# [Supplied data]
== Segment start ==

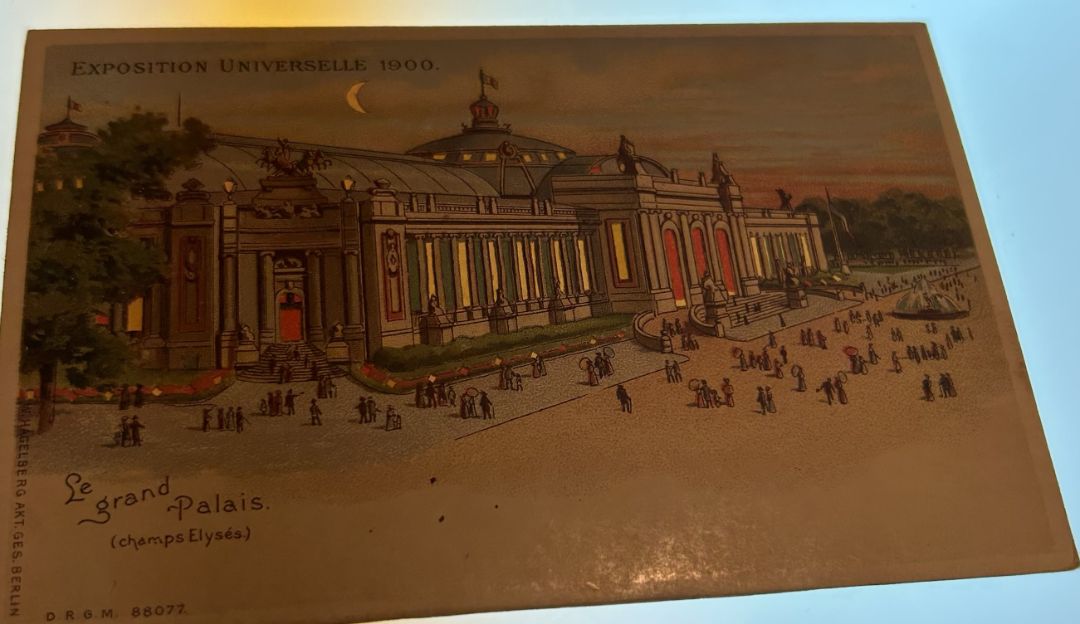 Exposition Universelle 1900 Le Grand Palais (Champs Elysés.)
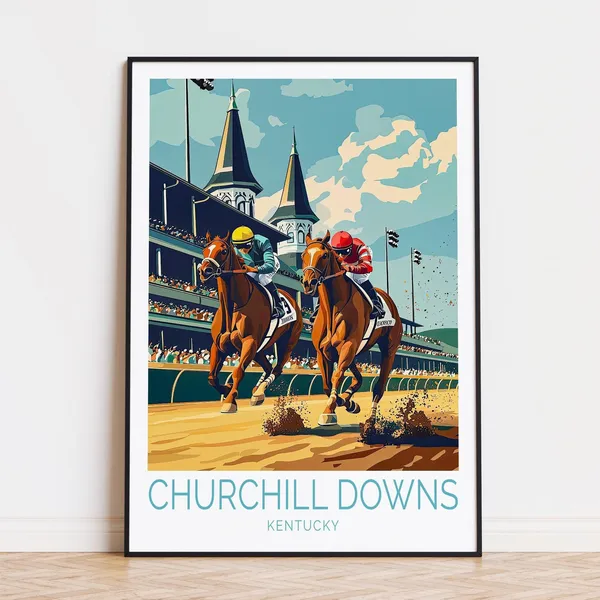 Churchill Downs Travel Poster, Kentucky Art Print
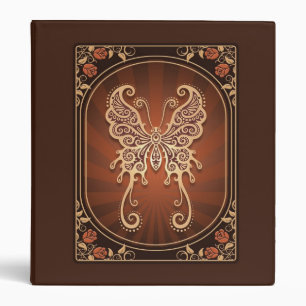 Classeur Papillon Brown sensible vintage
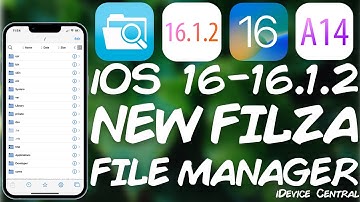 iOS 16 - 16.1.2 JAILBREAK News: FilzaEscaped RELEASED! Powerful File Manager For All Devices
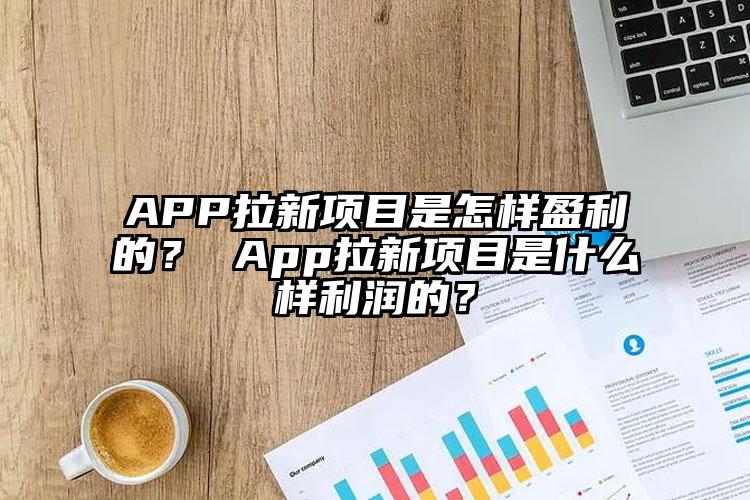 APP拉新项目是怎样盈利的？ App拉新项目是什么样利润的？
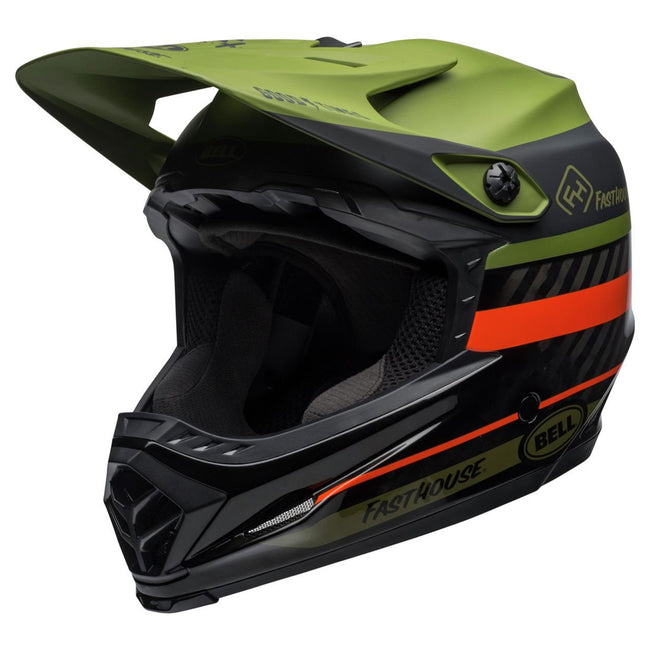bell full 9 carbon full face helmet Bell Full-9 Fasthouse-Gloss Green/Orange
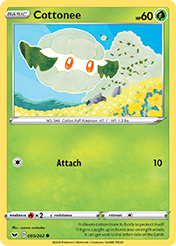 Cottonee Sword & Shield Pokemon Card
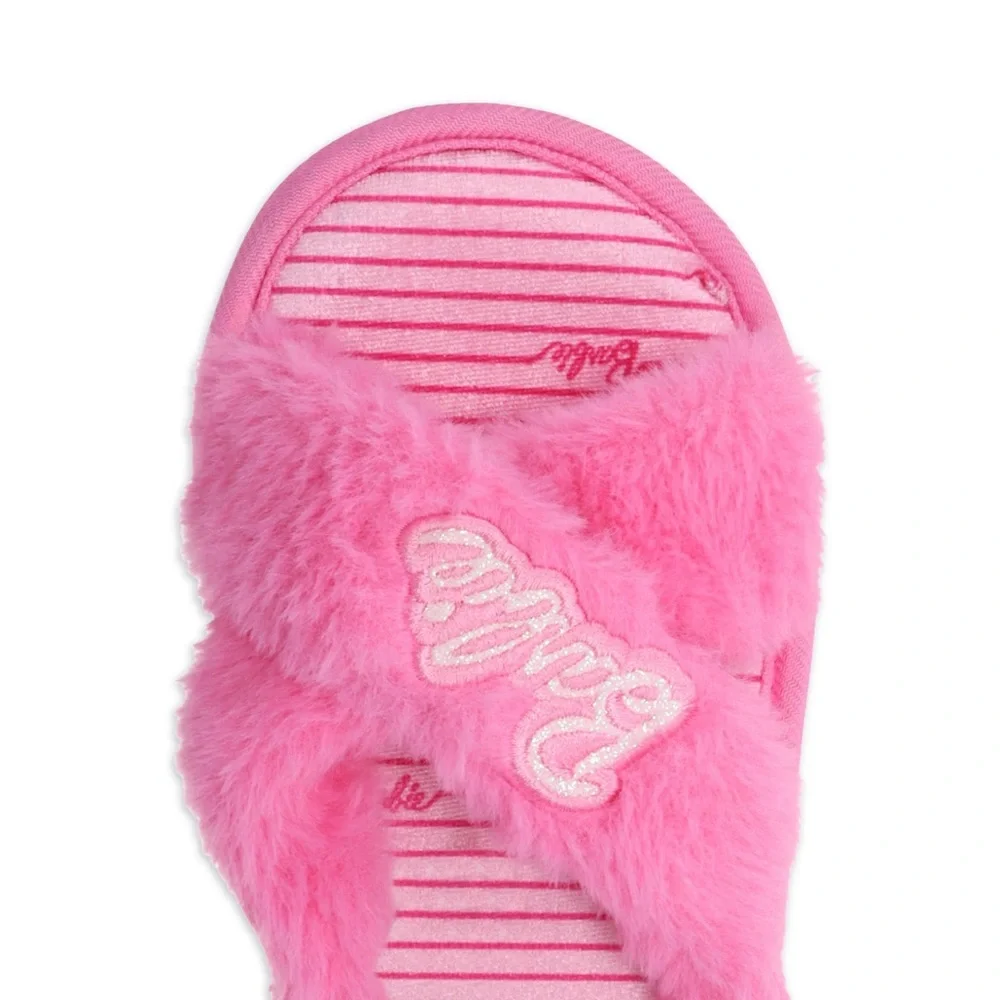NWT! Barbie Youth Girls Fuzzy Slippers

== Segment end ==

# [Exercise goal]
Print exactly, and only, the lines from the line containing "APP拉新项目是怎样盈利的？ App拉新项目是什么样利润的？" to the last line of the material above, with every picture left out.

# [Output]
 APP拉新项目是怎样盈利的？ App拉新项目是什么样利润的？
bell full 9 carbon full face helmet Bell Full-9 Fasthouse-Gloss Green/Orange
 Cottonee Sword & Shield Pokemon Card
NWT! Barbie Youth Girls Fuzzy Slippers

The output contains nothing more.